Aunt Nora was my Grandma Lucas' sister-in-law. Both of them were widows. They were also good friends. Grandma Lucas lived upstairs from my family. In fact, the house in which we lived belonged to Grandma. It was not uncommon for me to walk upstairs to visit with Grandma and find her with Aunt Nora "chewing the fat," a term they commonly used to describe that they were talking at length about this 'n' that. I would just sit quietly and listen.
Occasionally I would stop at Aunt Nora's house on my way home from school. She welcomed me, offered a cookie and some milk, and we chewed the fat for awhile.
On the wall in her living room Aunt Nora kept a small square-framed photo of her daughter Mary, who, when just 5 years old, was hit and killed by a car.
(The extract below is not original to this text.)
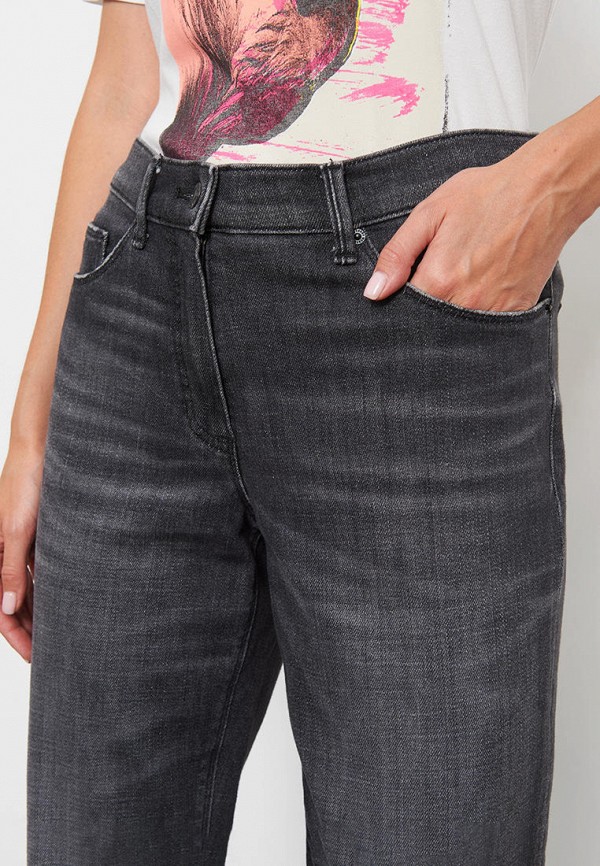 фото Джинсы gerry weber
She had chased her ball out into the street without looking. When I stared at the sepia-colored photo, which showed just the head and shoulders of Mary, it reminded me to be careful and to look both ways before crossing the street.
Although the incident had happened decades before I was born, I asked Aunt Nora if she missed Mary, and did she feel sad. I no longer remember exactly what she said, but I sensed that keeping that little photo in a prominent place was a comfort to her. I also learned that people in Aunt Nora's generation had an attitude that I'll call resignation or acceptance when it came to suffering and disappointment. They were able to tolerate life's hardships with dignity and carry on.
Maybe the way they were able to do this was by spending time "chewing the fat" with their friends and loved ones.
I found this old family photo with Aunt Nora in the center. On the right is my Aunt Pat Lucas. I don't recognize the woman on the left. My best guess, judging from the cards in the background, is that this was taken at Christmas time a long time ago, probably when I was a baby or before I was born. I think it is Aunt Nora's house, because I don't think she would be wearing an apron if she were a guest at someone else's home.